Around 13% of mortgagers have applied for a mortgage holiday. Almost all have been granted. In contrast, one in 10 private renters have tried to negotiate down their rent but just half have been successful.

For some younger renters, the answer has been moving home, with two thirds of those moving recently returning to the parental nest. But that can’t be the answer for most, so if we don’t want what is already a jobs disaster turning into a renters’ catastrophe, then our social security system needs to step up to help rents get paid.

Originally published in The Observer

In lockdown, violence soars behind closed doors

We are now a long two months into lockdown – a necessary step to help save lives but one that has brought with it huge costs. New data last week showed the number of employees falling by 450,000 in April as government borrowing hit a new record high of £62bn.

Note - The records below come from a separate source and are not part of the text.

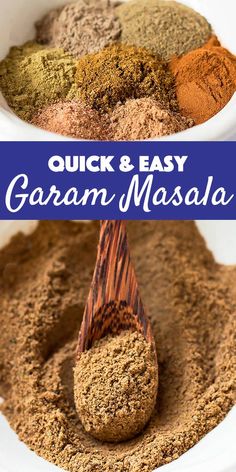 a bowl full of spices with the words quick and easy garam masala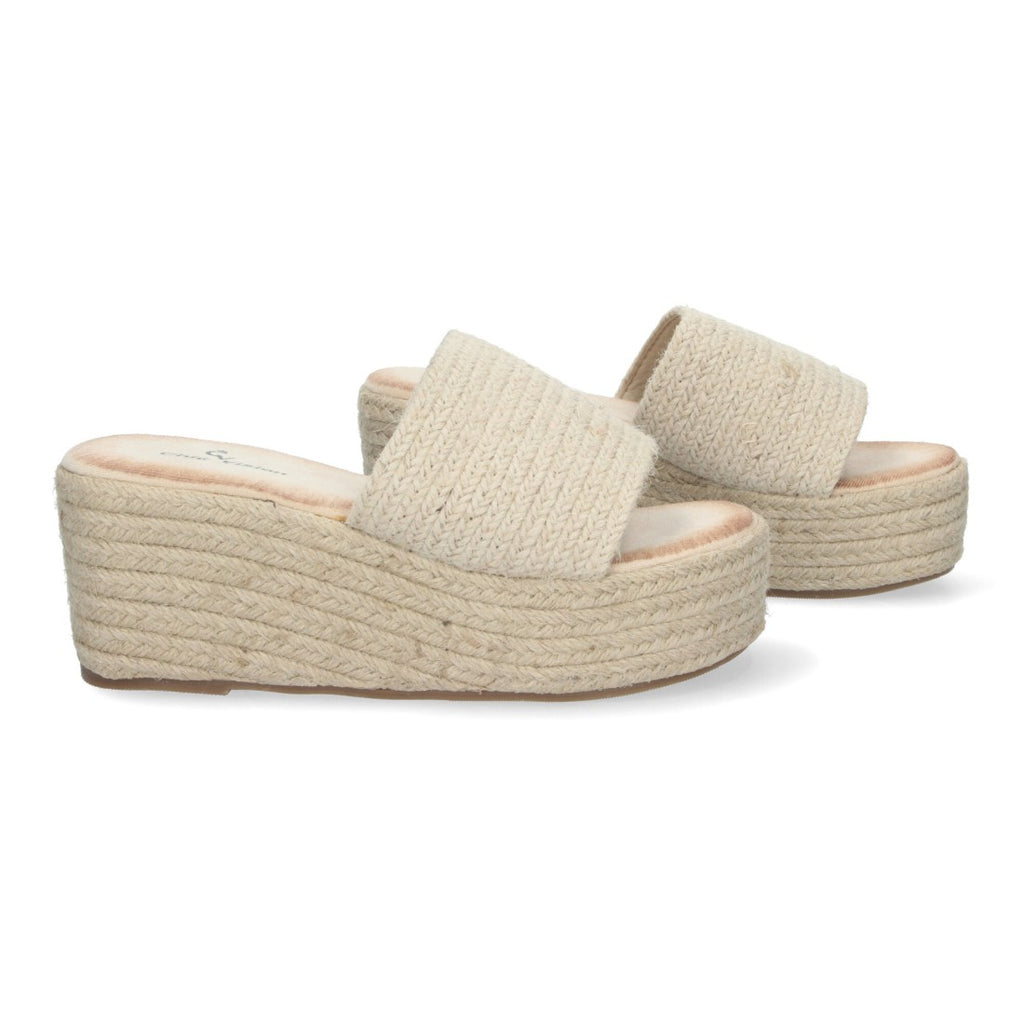 Sandalias Beige Mujer Plataforma Yute Elegantes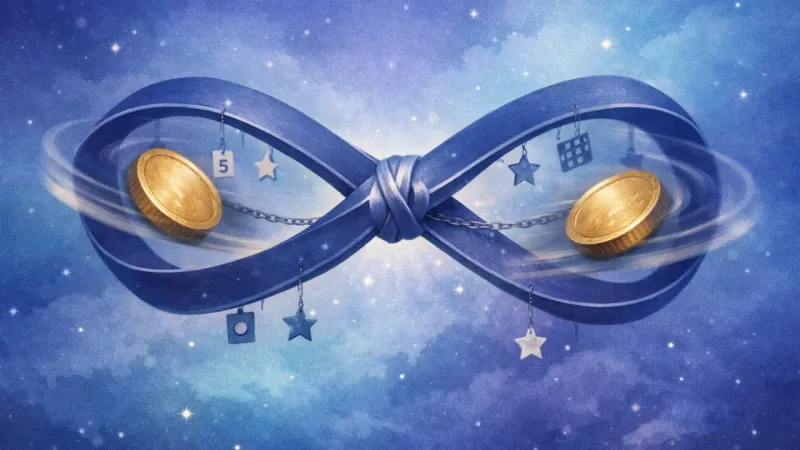 two identical coin-weights circling in a taut infinity ribbon around a fixed center knot The Loop of Endless Criteria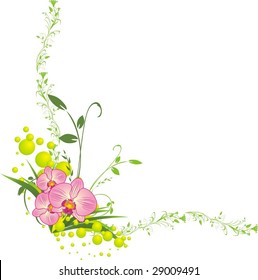 Orchids and grass. Frame for card. Vector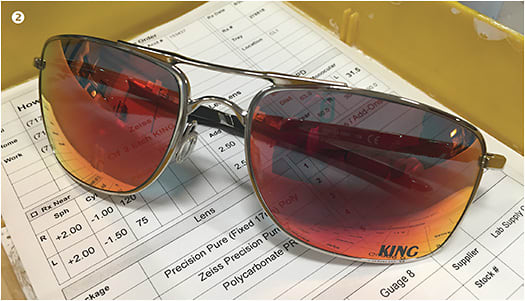 2 The custom red sunwear that caught Nick Foles’ eye.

But while economic issues dominate the news, they are far from the only costs. Warnings of an increase in domestic violence have been issued, although with such a fast-moving picture it has been hard to understand the scale.

But a new study from the US has spelled it out in painful detail. Across 15 large US cities, the research found that social-distancing measures led to a 10.2% increase in domestic violence-related calls to the police – a high cost for asking people to spend a lot more time at home in a very stressful period. For some households that stress is amplified by intense financial pressures. We know from previous UK research that increases in female unemployment are associated with increases in domestic abuse.

The rise in calls isn’t triggered by any particular demographic group, and appears to be driven by households without a history of domestic violence. So while the government’s hidden harms summit last Thursday was welcome, all of society needs to face up to the tragedy of this widespread increase in violence.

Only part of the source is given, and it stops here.